Notre Dame longed for run like this one. A blitz that stomps out an opponent’s good vibes and snuffs out visions of filching a comeback win.
About five minutes into the second half, Boston College, after hanging around but not truly threatening for much of the game, started to get some juice. Its bench had life, its players had a strut. The Eagles sliced a 14-point deficit to six, 50-44 with 14:56 left. It was plausibly the start of more of the same from this struggling Irish team that hadn’t put together two good halves against a high-major team all season.
Until forward Juwan Durham, bad back and all, grabbed the seventh of his 11 rebounds on a fortunate missed layup and dumped the ball to guard Cormac Ryan, who started a break. Five seconds, four passes and three dribbles ended in three points from Prentiss Hubb.
Three possessions later, after a Boston College basket, Notre Dame struck back with Dane Goodwin’s triple in just nine seconds, a corner dart on a feed from Hubb. Two more buckets followed in the next 52 seconds. In all, a 13-2 run and 17-point cushion with 12:06 to go.
An answer from a team that hasn’t had them in recent weeks. A spark that fueled an 80-70 Irish win Saturday, their first in ACC play. A victory that pushed aside concerns, for now, that being outclassed by the ACC’s best might snowball into a loss to a bottomfeeder.
“It’s good for us mentally,” Durham said.
Notre Dame even did it again, rattling off a 12-2 spurt when Boston College regrouped and pulled within six with 6:45 remaining. When the Irish took one punch, they landed a larger one. They were loose. They were tough. A few days earlier, on an 0-2 road swing through Virginia, they were neither.
“We hung our heads in the Virginia baton death march,” Brey said. “I thought we did a better job of moving onto the next play.
Notre Dame needed an opponent like this one. A 3-9 team frequent cellar resident whose only ACC win in six tries was a dusting of injury-riddled Miami. An ideal slumpbuster. A softer landing spot after playing five straight ACC games as underdogs and opening the season with nine top-50 KenPom teams in 11 games.
The Irish, at 3-8 and on a four-game skid, weren’t in position to overlook anyone. They didn’t. A focused team sliced through Boston College’s leaky, sometimes dispassionate brand of zone defense for 42 points in the first half and 1.16 points per possession overall.
Wins like this one – or in any form – haven’t been frequent for Notre Dame this year. With six more top-55 KenPom teams left, there still might be some bumps to come. But to feel good about winning a couple of those, Notre Dame had to get these games and find itself against the ACC’s bottom half.
Now, to be clear, this Saturday afternoon triumph is not an eraser of all flaws and concerns. The 27-game losing streak against ranked teams still exists. This was a decent but far from dominant defensive effort. One victory against a team it was supposed to beat won’t erase the idea the program has become stagnant.

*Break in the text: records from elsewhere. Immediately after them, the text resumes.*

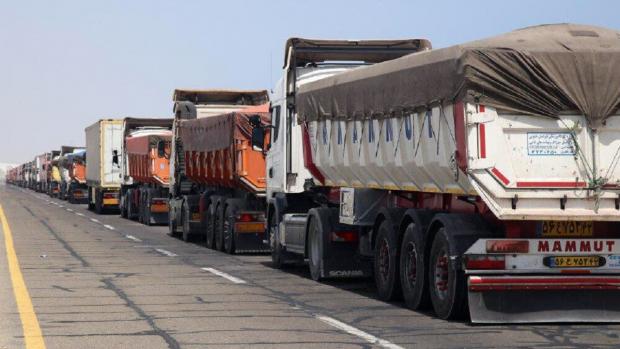 صادر شدن بیش از ۶۹ هزار تن کالای استاندارد از مرز مهران به عراق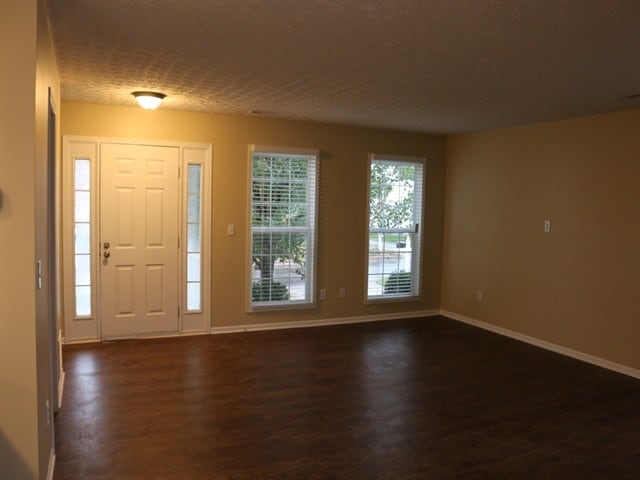 Building Photo - 2480 Bloxom St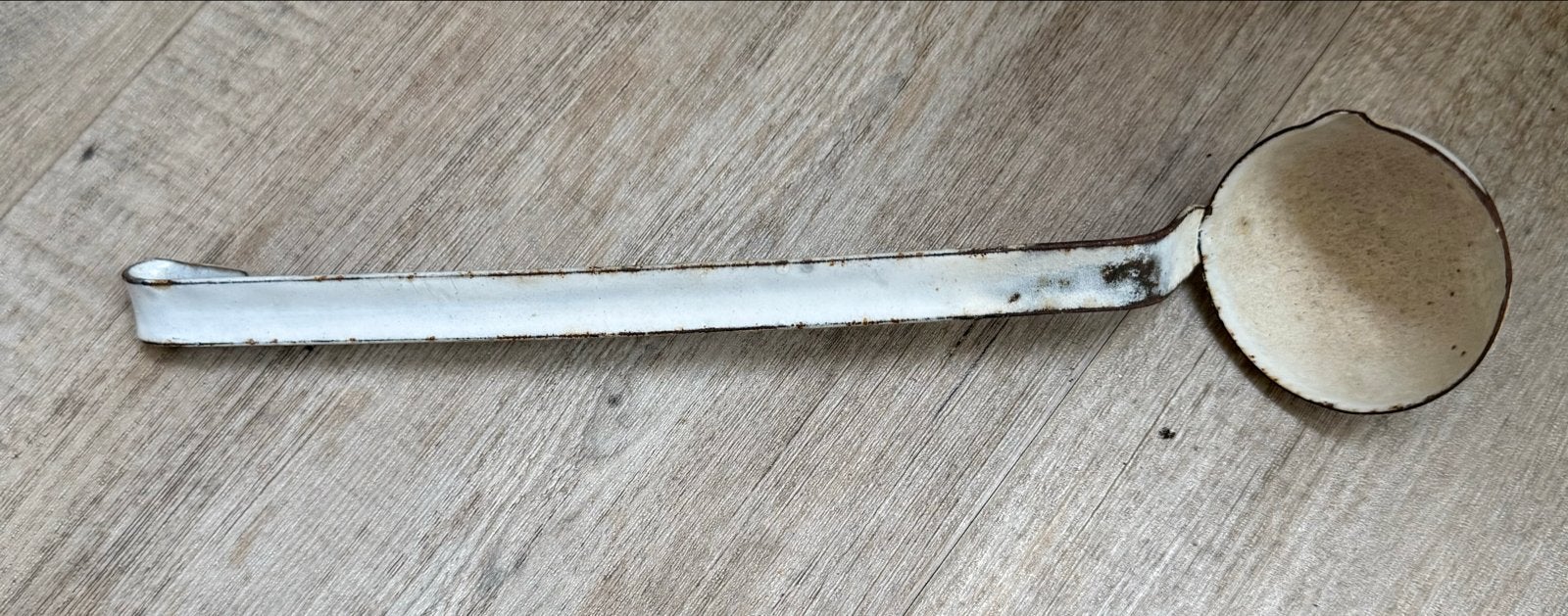 Antieke emaille pollepel - Wit met gebruikssporen, Antiek en Kunst, Ophalen of Verzenden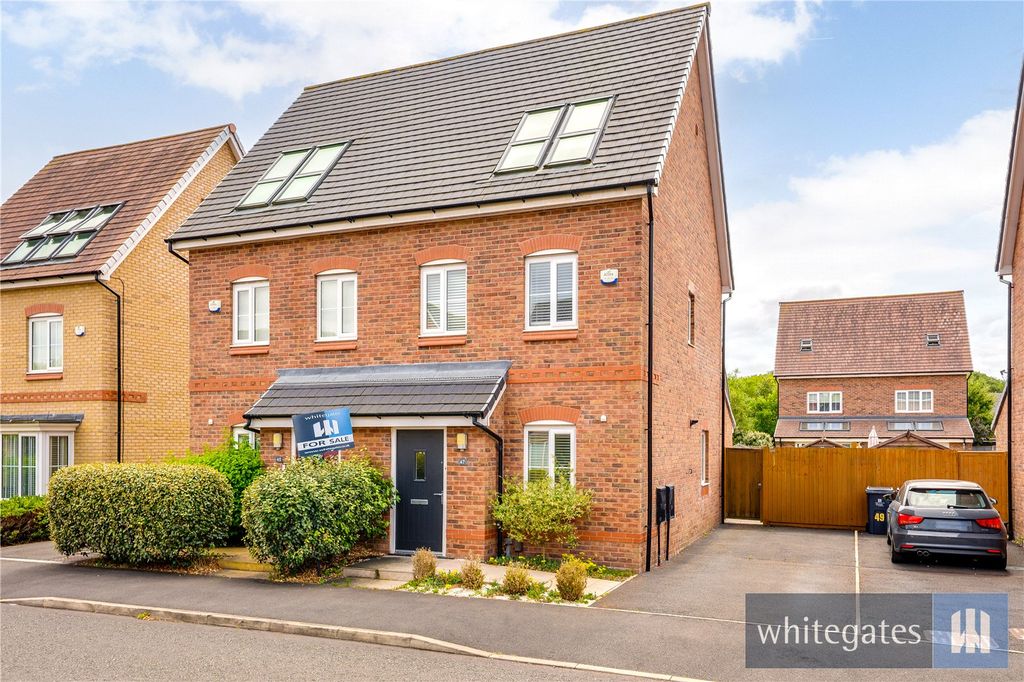 Property photo 1 of 32 Picture No. 01
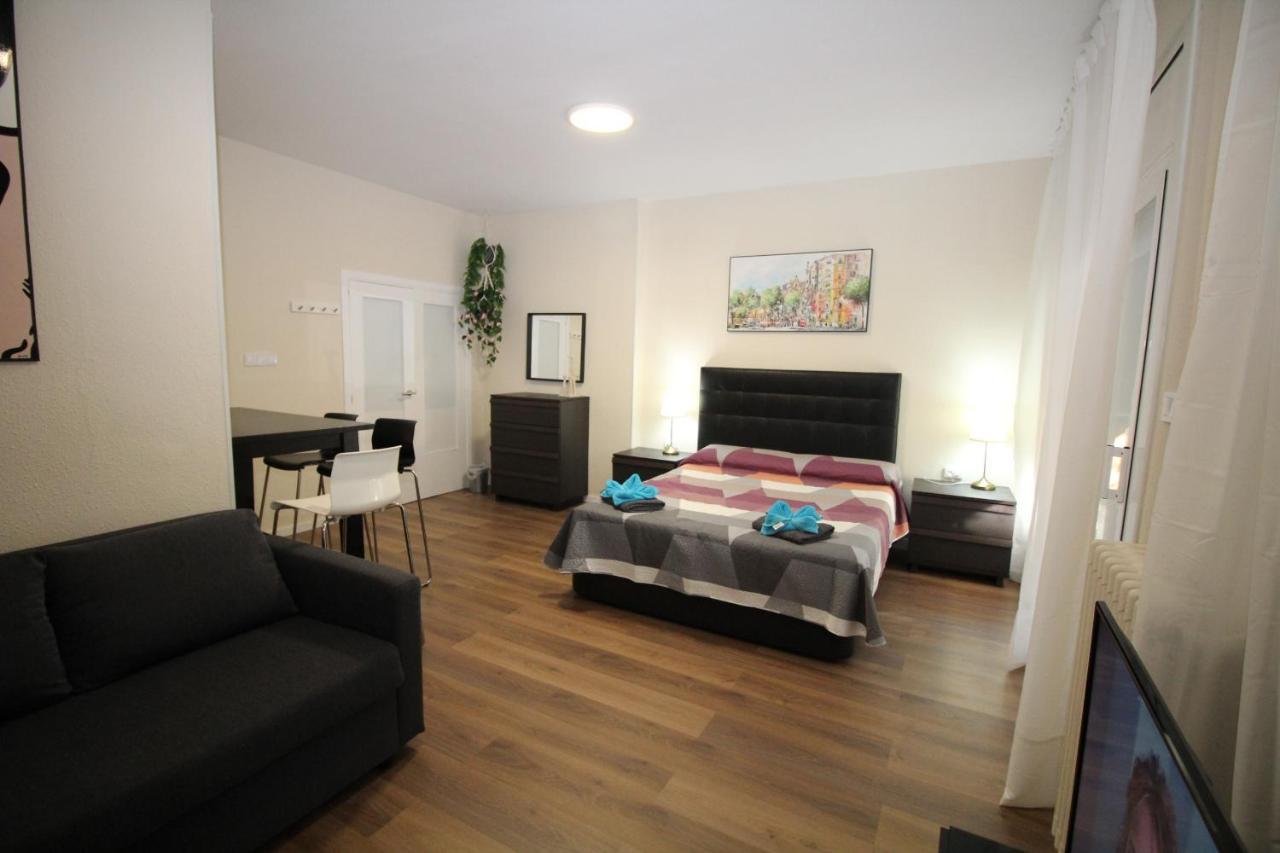 Urgel Habitaciones Barcelona Exteriör bild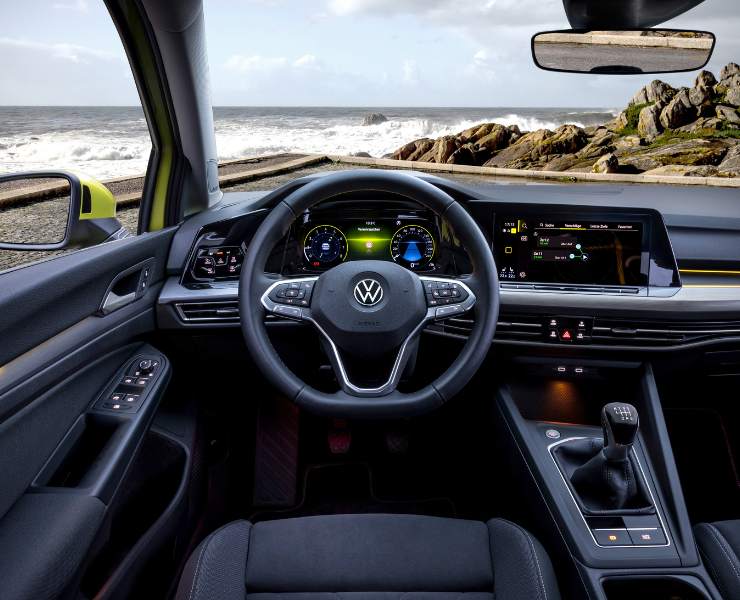 Gli interni della nuova Golf - Fonte Volkswagen - solomotori.it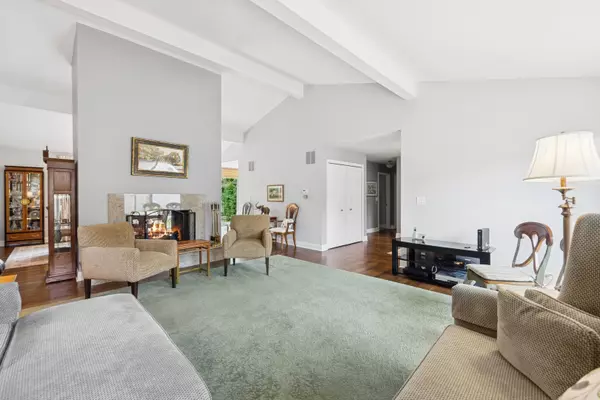 Oak Brook, IL 60523,100 Briarwood CIR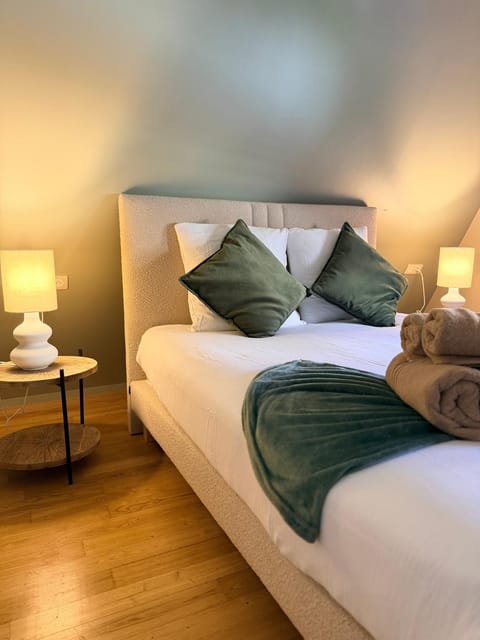 Bed, Photo of the whole room, Bedroom, towels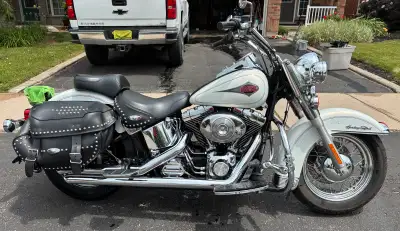 I am sellling a 2001 Harley-Davidson Heritage Softail Classic Motorcycle. It has the 1450cc , 5 spd,...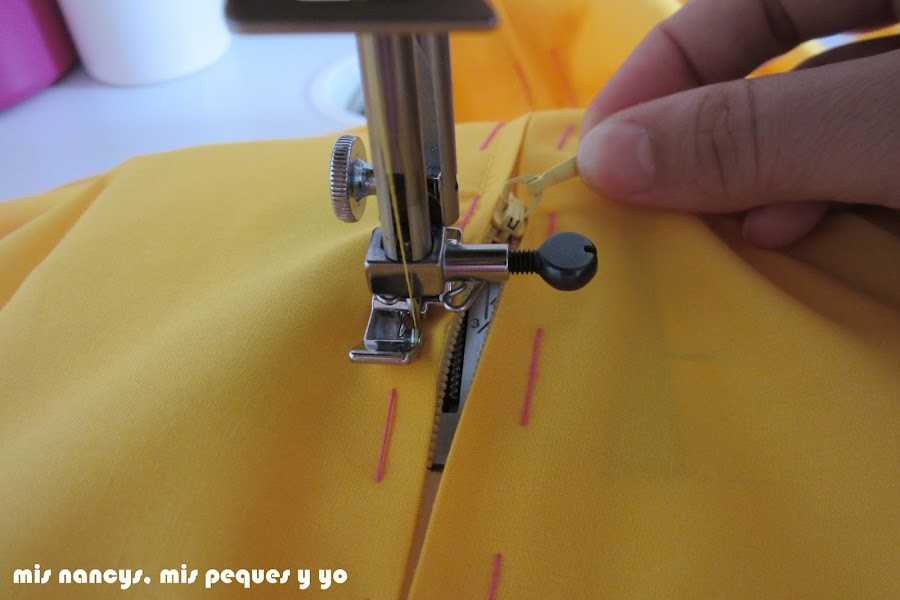 mis nancys, mis peques y yo, tutorial DIY funda de cojín sencilla con cremallera y volante, abrir cremallera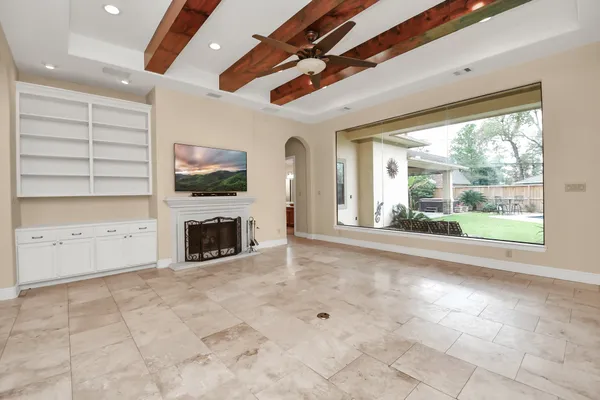 $9,500 | 1611 Lynnview Drive, Houston, TX 77055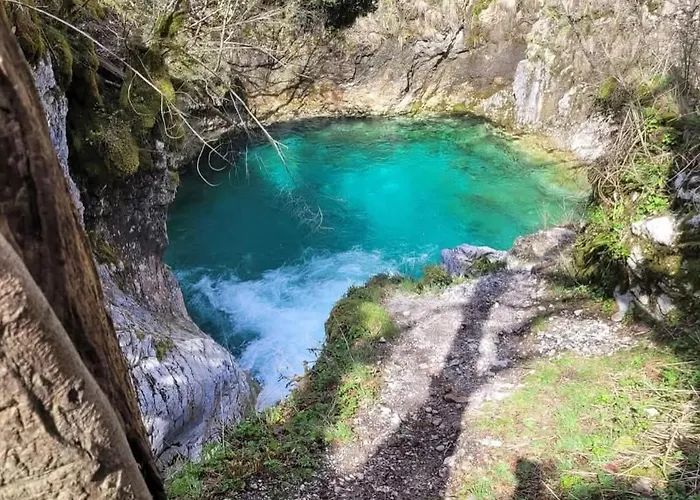 Stomici Bed & Breakfast 3*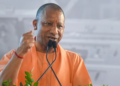 YOGI JANTA DARSHAN: बीमार बच्चे के उपचार के लिए मुख्यमंत्री ने खोला सरकारी खजाना, अधिकारियों को दी चेतावनी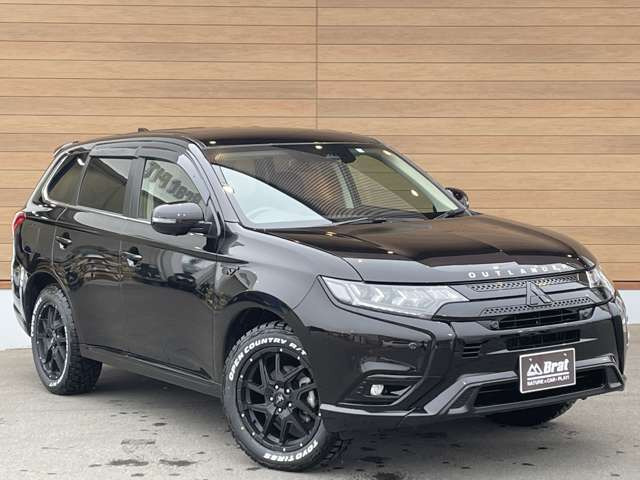 中古車 三菱 アウトランダーPHEV 2.4 G プラスパッケージ 4WD の中古車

But it’s better than the alternative. It’s a pause of worries and suggestion that this upcoming softer stretch of games could be more fruitful than sour.
“That competitive nature we all have just hasn’t shown up at certain times,” Goodwin said. “We needed that. Needed to come out strong today.”
Notre Dame required a couple practices like its most recent ones. A square boot in the rear. A chance to get after each other in one-on-one, two-on-two. Something to try and stop bad momentum cold and serve as a reminder that 75 percent of the conference season still remained.
“We needed to really compete more, stick our nose in there more,” Brey said. “That helped our guys’ juices flow a little.”
Added Durham: “Without days like that, we would continue to have the bad days.”
On that, Durham is right. A season played during a pandemic in comatose gyms combined with a losing streak is a recipe for checking out and loss of attention. To notch an uplifting win, Notre Dame had to pick itself up off the mat and give itself a jolt in practice.
Notre Dame yearned for a game like this one. In nine games against power-conference teams, it yo-yoed between one good half and one ghastly one, or not much good at all. The Irish have had stretches where open shots come easily followed by droughts where everything is contested or ends up in the other team’s hands.
All told, Notre Dame was 14-for-31 (45.2 percent) on 3-pointers, didn’t commit a turnover until just over 11 minutes remained in the game and allowed Boston College to rebound only five of its 34 missed shots. It led for 36:29 of game time.
That’ll suffice.
“We were just really efficient,” Brey said. “It was going to be hard to catch us because we are too good with the ball and we’ll make enough shots if we get looks.
“I didn’t call one set today. We played basketball.”
And for the first time in a while, did so with little stress and a lot of self-assurance.
“We just went for it today,” Goodwin said. “Moving forward, that’s a recipe for us.”